Election Weekend Viewing



WHISKERS OVER WASHINGTON (1957) Crushed by his resounding defeat to FDR in the 1936 presidential election, a bitter Alf Landon (Kirk Douglas) retreats to his Kansas farm where, after a heavy night of drinking, he's befriended by a talking rat, Cyrus (voice of Desi Arnaz). The vermin promises to help Landon exact his revenge on the Washington establishment by raising a rat army that will overthrow the government, and install Landon as Rat King. The plan goes horribly awry when the rats are bottled up in tedious Senate subcommittee hearings about grain subsidies. Cyrus finds new life in the New Deal and is made head of the National Recovery Administration, while Landon retreats once again, spending the rest of his life trying to raise a moth army. WHISKERS OVER WASHINGTON is seen as a precursor of sorts to WILLARD, though strangely enough, its biggest influence was on SPLENDOR IN THE GRASS.

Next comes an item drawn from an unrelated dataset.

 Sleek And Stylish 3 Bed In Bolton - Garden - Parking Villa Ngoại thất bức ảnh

LET ME MAKE THIS PERFECTLY CLEAR (1978) A powerful alien gamma ray turns the entire US population into bad Richard Nixon impersonators -- save for Laurie Threet (Tatum O'Neal), a singing high school dropout who must make her way across the country to find the secret switch in Washington which will reverse the alien spell. The majority of the film shows Threet encountering Nixons at every turn, and she escapes each potential trap by posing as Nancy Sinatra, serenading the Nixons with such hits as "Sugar Town" and "Some Velvet Morning," a duet she performs with a mechanic-turned-Nixon, Steve Hushman (William Shatner), in an elaborate June Taylor number staged atop a huge tape recorder. By the time Threet reaches Washington, the aliens (Frank Gorshin and Scatman Crothers) have grown bored, and turn America into France, ending on a close up of Jerry Lewis swallowing a glass and yelling "Mon Dieu!" at a baguette. Two years later, this film was parodied in the gay porno classic, LET ME MAKE THIS PERFECTLY HARD.

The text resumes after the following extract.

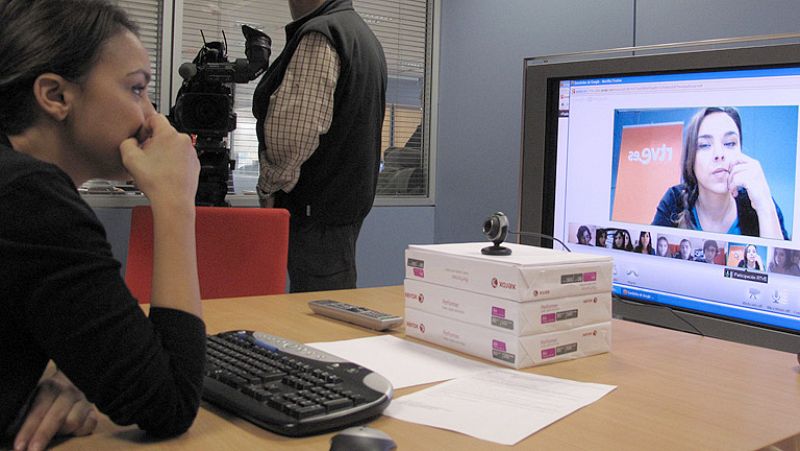 Chenoa, durante la 'quedada' de RTVE.es y Google +, en la que ha charlado con fans a través de una videoconferencia múltiple.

LINCOLN WAS A JEW (1938) A curious, 22-minute animated film from Walt Disney, which disappeared after Pearl Harbor, but made a minor comeback in the 1960s. Donald Duck is hit in the head by rampaging union strikers and imagines that he travels back in time to Lincoln's White House. There Donald discovers the "hidden truth" about the so-called Honest Abe, from drinking the blood of abolitionists to bizarre late night Satanic rituals in the bedroom that would later bear Lincoln's name. After Lincoln tells Donald that he's going to free the slaves so that they can be used as muscle against white Christians, clearing the way for a United Zionist States, Donald returns to the present and helps lead a military crusade against the Soviet Union, causing Lincoln in Hell to vow ultimate revenge. Reportedly, this short was a favorite of Curtis LeMay's, who screened it for George Wallace, earning him the VP slot on the American Independent Party's 1968 ticket.

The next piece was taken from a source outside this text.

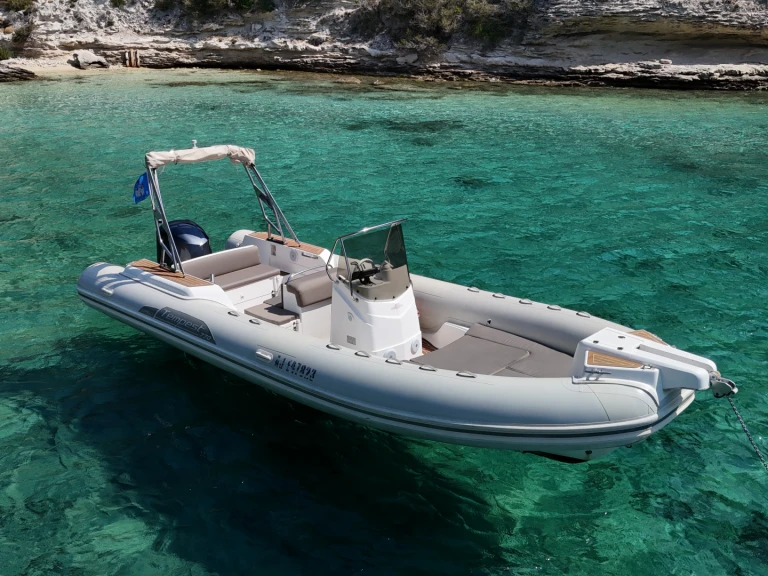 RIB hire in Bonifacio - Capelli Tempest 770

THE HONKIEST MILITANT IN AMERIKA (1971) Dejected loner Leigh Harry Oswood (Don Knotts) decides to kill the popular, charismatic President Caroway (Hugh O'Brian) in order to win the heart of Janet Pickin (Ruta Lee), a swinging file clerk who barely knows that Oswood exists. Having no experience with firearms, Oswood buys his way into the Black Panthers, promising Comrade Africa (Sherman Helmsley) his novelty stamp collection in exchange for paramilitary training. An FBI agent gone rogue, Africa strings Oswood along, resulting in numerous slapstick situations, from having to eat a disassembled M-16, to practicing the raised fist salute in a very tiny room, causing the ceiling to collapse. Soon, Oswood falls in love with Sistah Shasta (Leslie Uggams), a Maoist militant who's even clumsier than Oswood. They run off together and open a belt repair shop in San Jose, where Oswood gets involved with a right wing LSD cult, inspiring him to battle fluoridation, holding the city council hostage using an inbred Great Dane strapped with dynamite.

THE MAN WHO SAID "MAYBE" (1988) Low budget documentary look at Rep. Conner Kaye of Florida, regarded as the most indecisive Congressman in US history. So baffled by choice is Kaye, that during staff meetings, he often pretends to be a tall plant in the corner, or an obnoxious character called Victor, who drinks openly from a whiskey bottle and threatens to kill anyone who looks him in the eye. Amazingly, Kaye's constant waffling makes him popular with his constituents, remnants of a secret government population transfer experiment in the 1950s, and he is continually re-elected, oftentimes unopposed. The film falls apart once Kaye realizes he's being filmed, running down alleys, crawling under beds, jumping off porches, and ends with stock footage of a Venus Flytrap snaring a bee.